Inessential Essentials: Revisiting Live Action Hero Dolph Lundgren in Red Scorpion

The film: Red Scorpion (1988)

Why It's an Inessential Essential: Co-scripted and produced by Jack Abramoff, Red Scorpion is a starring vehicle for Sweden's own living action hero, Dolph Lundgren. Being the modest gentle giant that he is, Lundgren has nothing but good things to say about the film during the interview segment he shot for Synapse Films new release of the movie. But that says more about Lundgren's personality than it does the crackerjack B-movie.

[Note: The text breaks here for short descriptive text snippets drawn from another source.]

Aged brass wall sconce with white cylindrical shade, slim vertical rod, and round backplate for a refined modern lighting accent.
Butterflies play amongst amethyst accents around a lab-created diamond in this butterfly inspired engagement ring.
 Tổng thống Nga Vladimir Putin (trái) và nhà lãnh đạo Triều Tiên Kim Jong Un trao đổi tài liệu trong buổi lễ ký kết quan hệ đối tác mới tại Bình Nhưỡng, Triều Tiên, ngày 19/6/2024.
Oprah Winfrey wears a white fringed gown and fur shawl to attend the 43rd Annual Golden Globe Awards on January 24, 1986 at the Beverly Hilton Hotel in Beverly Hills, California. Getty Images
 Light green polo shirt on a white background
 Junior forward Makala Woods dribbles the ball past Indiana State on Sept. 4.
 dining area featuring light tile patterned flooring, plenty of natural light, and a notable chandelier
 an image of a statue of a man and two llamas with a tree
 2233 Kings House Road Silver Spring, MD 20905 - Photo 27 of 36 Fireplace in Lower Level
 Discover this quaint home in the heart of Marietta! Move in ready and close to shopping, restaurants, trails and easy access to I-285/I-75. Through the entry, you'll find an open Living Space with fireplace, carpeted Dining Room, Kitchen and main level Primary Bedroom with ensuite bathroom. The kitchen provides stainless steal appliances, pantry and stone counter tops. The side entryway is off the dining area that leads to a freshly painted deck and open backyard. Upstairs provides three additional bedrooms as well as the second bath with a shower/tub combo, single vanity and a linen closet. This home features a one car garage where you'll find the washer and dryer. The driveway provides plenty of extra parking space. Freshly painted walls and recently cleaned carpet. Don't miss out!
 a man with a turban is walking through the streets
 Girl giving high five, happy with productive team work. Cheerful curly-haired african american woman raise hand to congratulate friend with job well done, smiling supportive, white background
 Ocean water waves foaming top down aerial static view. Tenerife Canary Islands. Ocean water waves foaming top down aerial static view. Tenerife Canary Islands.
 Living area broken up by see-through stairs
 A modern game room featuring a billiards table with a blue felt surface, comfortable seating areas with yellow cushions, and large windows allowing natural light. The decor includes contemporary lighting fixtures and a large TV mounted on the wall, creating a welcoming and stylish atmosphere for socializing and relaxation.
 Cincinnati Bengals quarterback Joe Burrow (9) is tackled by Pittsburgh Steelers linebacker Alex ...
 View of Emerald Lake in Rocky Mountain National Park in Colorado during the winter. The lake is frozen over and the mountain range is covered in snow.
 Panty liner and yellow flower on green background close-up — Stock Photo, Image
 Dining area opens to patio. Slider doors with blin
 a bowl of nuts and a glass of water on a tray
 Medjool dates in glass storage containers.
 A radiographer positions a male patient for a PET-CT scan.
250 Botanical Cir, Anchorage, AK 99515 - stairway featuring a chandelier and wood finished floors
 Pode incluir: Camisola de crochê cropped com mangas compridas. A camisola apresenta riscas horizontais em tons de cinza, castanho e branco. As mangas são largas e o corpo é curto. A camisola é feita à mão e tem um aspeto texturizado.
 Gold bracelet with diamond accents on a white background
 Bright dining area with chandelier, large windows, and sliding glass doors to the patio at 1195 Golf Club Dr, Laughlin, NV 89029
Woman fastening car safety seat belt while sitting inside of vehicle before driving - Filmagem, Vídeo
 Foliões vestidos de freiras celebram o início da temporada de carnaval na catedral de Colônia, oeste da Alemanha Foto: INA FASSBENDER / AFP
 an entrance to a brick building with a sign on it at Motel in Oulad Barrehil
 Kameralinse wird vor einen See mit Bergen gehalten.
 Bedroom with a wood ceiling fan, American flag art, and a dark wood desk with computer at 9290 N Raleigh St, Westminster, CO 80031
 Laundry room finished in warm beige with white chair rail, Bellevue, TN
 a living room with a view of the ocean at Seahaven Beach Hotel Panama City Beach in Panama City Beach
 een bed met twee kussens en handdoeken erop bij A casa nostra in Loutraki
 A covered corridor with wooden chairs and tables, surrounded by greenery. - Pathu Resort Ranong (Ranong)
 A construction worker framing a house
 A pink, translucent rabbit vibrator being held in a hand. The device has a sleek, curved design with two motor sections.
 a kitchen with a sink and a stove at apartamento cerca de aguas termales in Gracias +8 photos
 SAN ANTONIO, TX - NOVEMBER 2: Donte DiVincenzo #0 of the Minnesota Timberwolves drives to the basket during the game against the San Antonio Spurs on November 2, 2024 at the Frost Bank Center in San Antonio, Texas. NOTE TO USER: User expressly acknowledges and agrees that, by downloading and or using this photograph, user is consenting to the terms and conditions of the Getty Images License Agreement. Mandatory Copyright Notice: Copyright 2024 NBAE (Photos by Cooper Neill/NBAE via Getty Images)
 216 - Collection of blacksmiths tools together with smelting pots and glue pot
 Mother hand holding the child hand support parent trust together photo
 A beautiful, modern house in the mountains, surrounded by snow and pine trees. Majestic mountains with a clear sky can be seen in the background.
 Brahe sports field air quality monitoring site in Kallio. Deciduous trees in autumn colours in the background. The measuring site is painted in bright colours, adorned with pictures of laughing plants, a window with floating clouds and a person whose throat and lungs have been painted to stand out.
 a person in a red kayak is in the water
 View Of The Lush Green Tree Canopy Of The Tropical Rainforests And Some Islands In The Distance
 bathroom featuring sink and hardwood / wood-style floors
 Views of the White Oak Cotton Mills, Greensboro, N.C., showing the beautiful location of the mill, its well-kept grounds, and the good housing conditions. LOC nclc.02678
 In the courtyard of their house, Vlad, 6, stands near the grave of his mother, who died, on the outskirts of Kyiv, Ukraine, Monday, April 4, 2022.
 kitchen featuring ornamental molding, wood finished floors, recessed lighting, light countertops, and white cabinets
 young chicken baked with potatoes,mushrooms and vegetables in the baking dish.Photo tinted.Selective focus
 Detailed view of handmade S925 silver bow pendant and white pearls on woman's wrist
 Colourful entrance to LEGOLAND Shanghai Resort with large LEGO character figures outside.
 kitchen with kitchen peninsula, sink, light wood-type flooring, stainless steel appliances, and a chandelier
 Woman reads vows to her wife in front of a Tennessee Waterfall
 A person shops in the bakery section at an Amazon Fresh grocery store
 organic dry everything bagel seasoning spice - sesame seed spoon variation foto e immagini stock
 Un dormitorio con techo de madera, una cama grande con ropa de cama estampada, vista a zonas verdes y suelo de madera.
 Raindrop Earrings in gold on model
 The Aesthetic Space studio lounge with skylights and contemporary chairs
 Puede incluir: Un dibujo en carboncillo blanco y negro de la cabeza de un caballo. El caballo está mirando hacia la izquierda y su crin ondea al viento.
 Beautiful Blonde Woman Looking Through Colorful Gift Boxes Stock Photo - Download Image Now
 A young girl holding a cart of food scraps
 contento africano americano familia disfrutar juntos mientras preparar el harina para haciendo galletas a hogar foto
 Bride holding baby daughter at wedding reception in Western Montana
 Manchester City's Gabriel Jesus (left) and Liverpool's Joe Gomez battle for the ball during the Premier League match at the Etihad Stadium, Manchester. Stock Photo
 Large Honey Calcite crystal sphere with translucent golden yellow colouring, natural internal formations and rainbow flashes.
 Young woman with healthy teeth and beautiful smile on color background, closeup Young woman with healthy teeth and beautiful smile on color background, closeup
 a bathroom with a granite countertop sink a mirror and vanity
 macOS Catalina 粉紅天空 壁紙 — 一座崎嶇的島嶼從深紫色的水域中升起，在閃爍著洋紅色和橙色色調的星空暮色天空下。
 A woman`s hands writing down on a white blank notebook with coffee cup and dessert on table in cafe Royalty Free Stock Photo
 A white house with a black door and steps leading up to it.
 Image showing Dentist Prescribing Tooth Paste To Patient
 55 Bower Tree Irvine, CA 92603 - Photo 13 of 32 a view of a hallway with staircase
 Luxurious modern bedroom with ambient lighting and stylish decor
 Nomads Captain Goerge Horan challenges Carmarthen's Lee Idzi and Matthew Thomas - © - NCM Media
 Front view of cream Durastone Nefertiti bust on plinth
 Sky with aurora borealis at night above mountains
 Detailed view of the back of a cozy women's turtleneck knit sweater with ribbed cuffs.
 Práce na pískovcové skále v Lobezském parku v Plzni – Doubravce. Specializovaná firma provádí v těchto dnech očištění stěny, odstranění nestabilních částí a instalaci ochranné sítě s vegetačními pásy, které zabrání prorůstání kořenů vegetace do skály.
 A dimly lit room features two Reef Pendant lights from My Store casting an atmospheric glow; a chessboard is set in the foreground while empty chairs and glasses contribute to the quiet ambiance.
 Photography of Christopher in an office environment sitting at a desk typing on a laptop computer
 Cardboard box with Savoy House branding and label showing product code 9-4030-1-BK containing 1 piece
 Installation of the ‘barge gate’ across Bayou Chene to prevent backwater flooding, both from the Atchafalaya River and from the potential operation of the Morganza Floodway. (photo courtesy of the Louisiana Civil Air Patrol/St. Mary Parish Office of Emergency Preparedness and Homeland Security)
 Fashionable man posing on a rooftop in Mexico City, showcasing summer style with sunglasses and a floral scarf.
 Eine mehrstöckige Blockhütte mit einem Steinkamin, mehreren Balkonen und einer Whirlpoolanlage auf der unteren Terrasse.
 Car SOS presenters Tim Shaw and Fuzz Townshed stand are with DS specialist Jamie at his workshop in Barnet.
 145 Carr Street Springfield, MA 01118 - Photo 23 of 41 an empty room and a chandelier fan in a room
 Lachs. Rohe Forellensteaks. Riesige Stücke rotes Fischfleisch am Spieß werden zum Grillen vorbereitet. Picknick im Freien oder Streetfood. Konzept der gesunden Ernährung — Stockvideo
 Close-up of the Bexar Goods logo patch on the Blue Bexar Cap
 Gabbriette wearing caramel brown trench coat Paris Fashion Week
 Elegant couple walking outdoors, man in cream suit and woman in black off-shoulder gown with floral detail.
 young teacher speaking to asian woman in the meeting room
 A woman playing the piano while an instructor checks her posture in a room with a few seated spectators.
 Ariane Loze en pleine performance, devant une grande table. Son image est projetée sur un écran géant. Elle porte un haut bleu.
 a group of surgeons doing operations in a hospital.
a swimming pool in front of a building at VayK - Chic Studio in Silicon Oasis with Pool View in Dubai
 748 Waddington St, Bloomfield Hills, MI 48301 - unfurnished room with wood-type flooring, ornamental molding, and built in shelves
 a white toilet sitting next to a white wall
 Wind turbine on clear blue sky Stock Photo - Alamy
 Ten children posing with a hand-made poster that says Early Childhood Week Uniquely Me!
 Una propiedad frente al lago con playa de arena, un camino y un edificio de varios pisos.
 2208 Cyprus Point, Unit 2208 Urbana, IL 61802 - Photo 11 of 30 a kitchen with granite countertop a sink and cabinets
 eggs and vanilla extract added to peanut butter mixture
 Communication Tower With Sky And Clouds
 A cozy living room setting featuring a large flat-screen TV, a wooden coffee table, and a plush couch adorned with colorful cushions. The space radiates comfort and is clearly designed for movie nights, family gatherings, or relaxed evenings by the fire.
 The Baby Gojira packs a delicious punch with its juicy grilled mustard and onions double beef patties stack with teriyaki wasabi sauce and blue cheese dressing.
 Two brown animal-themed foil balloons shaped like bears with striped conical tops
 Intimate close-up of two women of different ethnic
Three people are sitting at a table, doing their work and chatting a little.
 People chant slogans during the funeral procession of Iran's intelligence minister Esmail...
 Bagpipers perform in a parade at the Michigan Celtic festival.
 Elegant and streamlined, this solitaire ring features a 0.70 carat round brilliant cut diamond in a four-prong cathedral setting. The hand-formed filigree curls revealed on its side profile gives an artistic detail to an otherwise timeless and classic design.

As self-styled Lundgren expert Jeremie Damoiseau remarks in his annotated(!) liner notes, Red Scorpion nearly ruined Lundgren's career (more on this shortly). 

Lundgren plays Lieutenant Nikolai Rachenko, a Russian "killing machine" that is tasked with murdering the leader of a group of rebel insurgents leading a coup in Africa. The Russians want the rebels stopped so they hire Rachenko to cozy up to the rebel leader's advisor, now imprisoned by the Russians. In spite of repeated warnings from a smug, four-letter-word prone American journalist (M. Emmett Walsh, scowling up a storm), the rebel leader's advisor grows to trust Rachenko, who in turn starts to see the murder and destruction caused by his comrades. Rachenko inevitably changes sides and becomes a hero, but only after being tortured by needles, attacked by scorpions, shot at, assaulted by a tank, thrown onto a moving motorcycle and berated repeatedly by the inimitable Walsh.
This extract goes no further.